When four teenagers (15 and 16 years of age) release an album, the expectations are that it would sound something like Beyoncé, Justin Bieber, Taylor Swift, or One Republic. Unless you’re The Regrettes. The Los Angeles-based band are not your typical newcomers. They’re inspired by ’50s and ’60s doo-wop, 70s rock ‘n roll, and Gen Y post-punk rock. The Ronettes, Joan Jett, Kate Nash, Yeah Yeah Yeahs, Peaches, Ty Segall, and King Tuff are just some of their influences. Surely The Regrettes must be older?
But Lydia Night (vocals/guitar), Genessa Gariano (guitar), Sage Chavis (bass), and Maxx Morando (drums) are mature well beyond their years. It’s one thing to list such great artists as idols. It’s another thing to successfully amalgamate their varied sounds into one effort and replicate their expansive songwriting. The Regrettes, though, have done exactly that with their debut album. Feel Your Feelings Fool! is a swashbuckling, entertaining record that covers nearly sixty years of music with many of the songs covering multiple decades.
“A Living Human Girl”, for instance, is part doo-wop and part garage-pop with its catchy, summery melody but gritty undertones. But don’t let the sweet sounds fool you – this track is smart, witty, and edgy. It is the anti-Barbie song that describes the “imperfections” of the average woman. One who has pimples, stretch marks, grease in her hair, and a bra size that may not be ideal according to mainstream media’s depiction. But the most important message taken is that no individual should be ashamed about who they are.
This salute to individuality is heard throughout the album. The amusing but intelligent post-punk number, “Ladylike/WHATTA BITCH”, sees front woman Lydia Night reminisce about her middle school years and the insecurities, cruelty, and two-faced nature of people. But on this quick track, Night essentially tells them all to f*ck off. “Seashore” blends ’60s bubblegum pop with garage-pop and is another big middle finger to anyone who has demeaned and insulted women and girls. The scintillating “Lacy Loo”, meanwhile, is a straight-up ’70s pop-rock number focused on the exploits of a young woman seeking adventure and a purpose.

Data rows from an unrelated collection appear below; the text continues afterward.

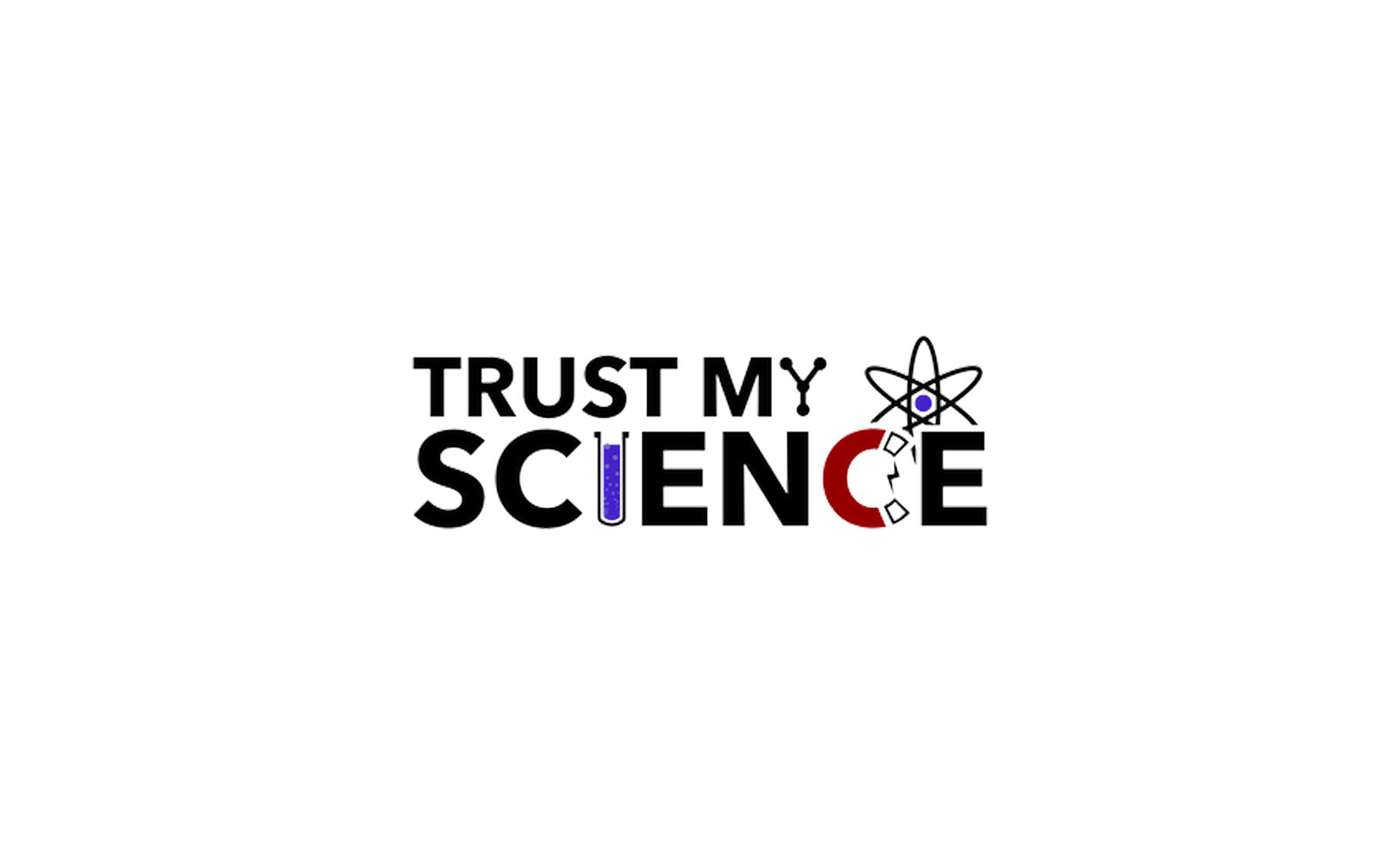 Image - Trust My Science – Des scientifiques ont découvert d’importants indices sur les différences entre les cerveaux des femmes et des hommes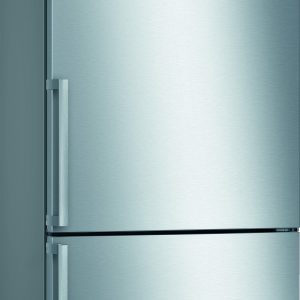 Bosch KGN49AIDP Koelkast met vriesvak
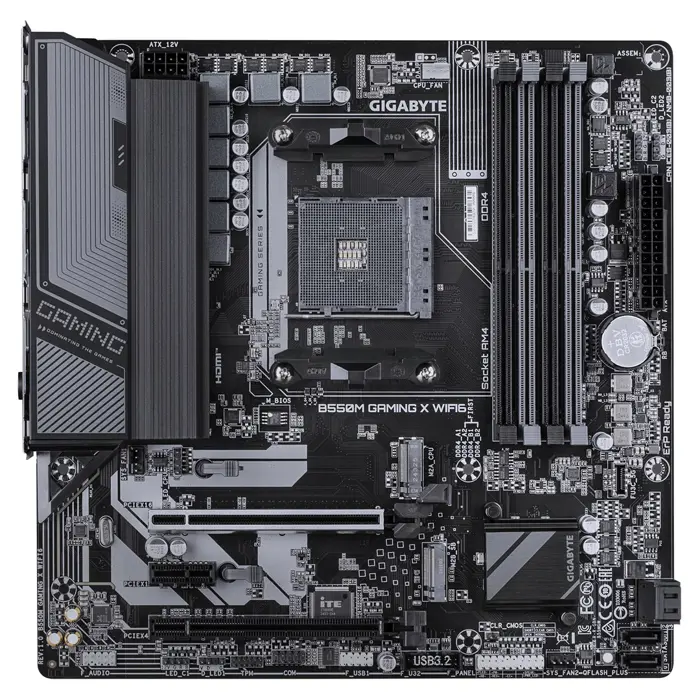 gigabyte-b550m-gaming-x-wifi6-b550am4matxddr4-motherboard-45243-wlononwcrj967.webp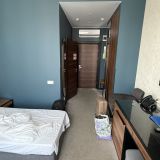 Отель Smart Hotel Neo Московский, фото гостя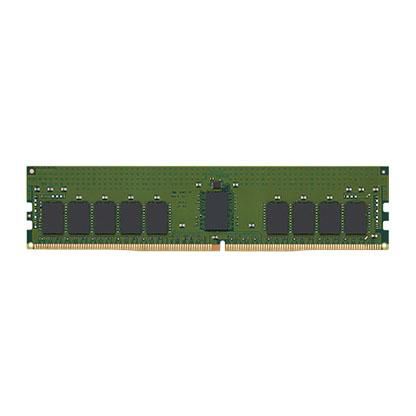Kingston Technology 32GB DDR4-3200MHz ECC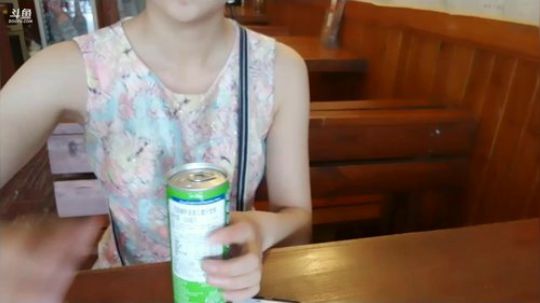 瓷器店的日常工作，周五多云转晴 2019-05-31 15点场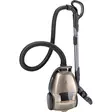 ELECTROLUX PD91-8SSM PÖLYNIMURI - Pussilliset pölynimurit - 7332543568826 - 4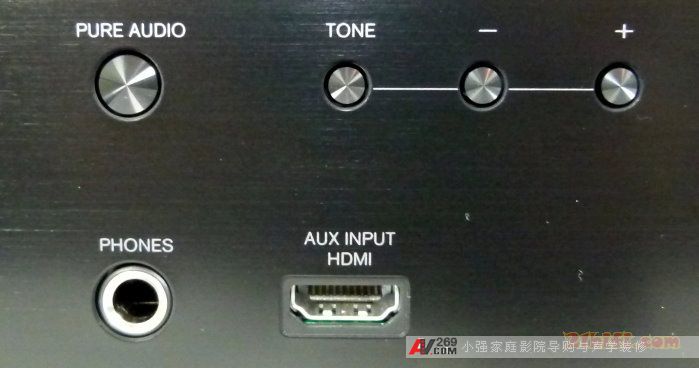 01f.jpg (50327 字节)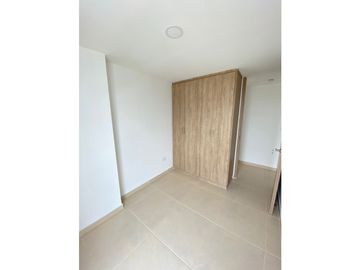 VENTA ESPECTACULAR APARTAMENTO PARA ESTRENAR DOSQUEBRADAS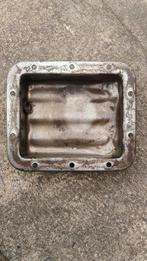 Karter pan BMW R25/26/27, Ophalen of Verzenden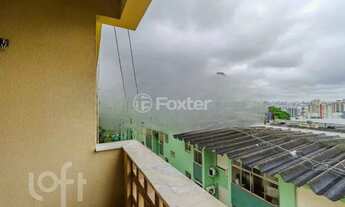 Imagem 6: Apartamento à venda Rua Luiz de Camões, Santo Antônio - Porto Alegre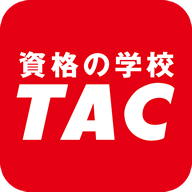 Logo TAC Co., Ltd.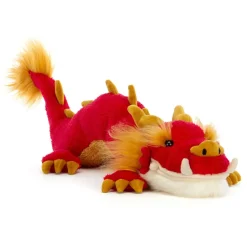 Festival Dragon Best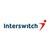 Interswitch East Africa logo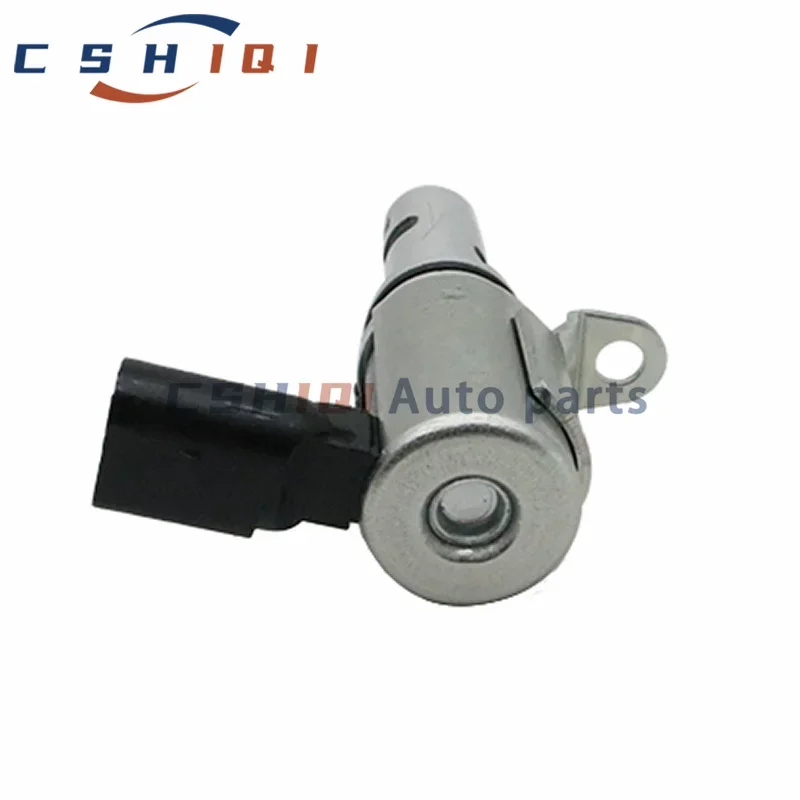 VVT Valve Variable Timing Solenoid Valve 03C906455A 03C906455 For Volkswagen Golf Tiguan Jetta Audi A1 A3 Skoda 2004 -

Not surprisingly, there is a heavy dose of relationship-oriented songs on the album. Unlike other “love songs”, The Regrettes tackle this well-worn topic with humor, grit, and panache, such as on the whimsical “Juicebox Baby” and the Yeah Yeah Yeahs-esque “Head in the Clouds”. The opening track, “I Don’t Like You”, and the bombastic “Hey Now” offer two sides to the love story. The former is the “get-away-from-me” part while the latter is the hopeless dreamer who endlessly desires a way to be with the person of his dreams. Meanwhile, the gnarly “Picture Perfect” tackles the issue from a different perspective, focusing on how people tend to drool over the star athlete or the one girl who “has it all”. It is lust and desire based on pretense than substance.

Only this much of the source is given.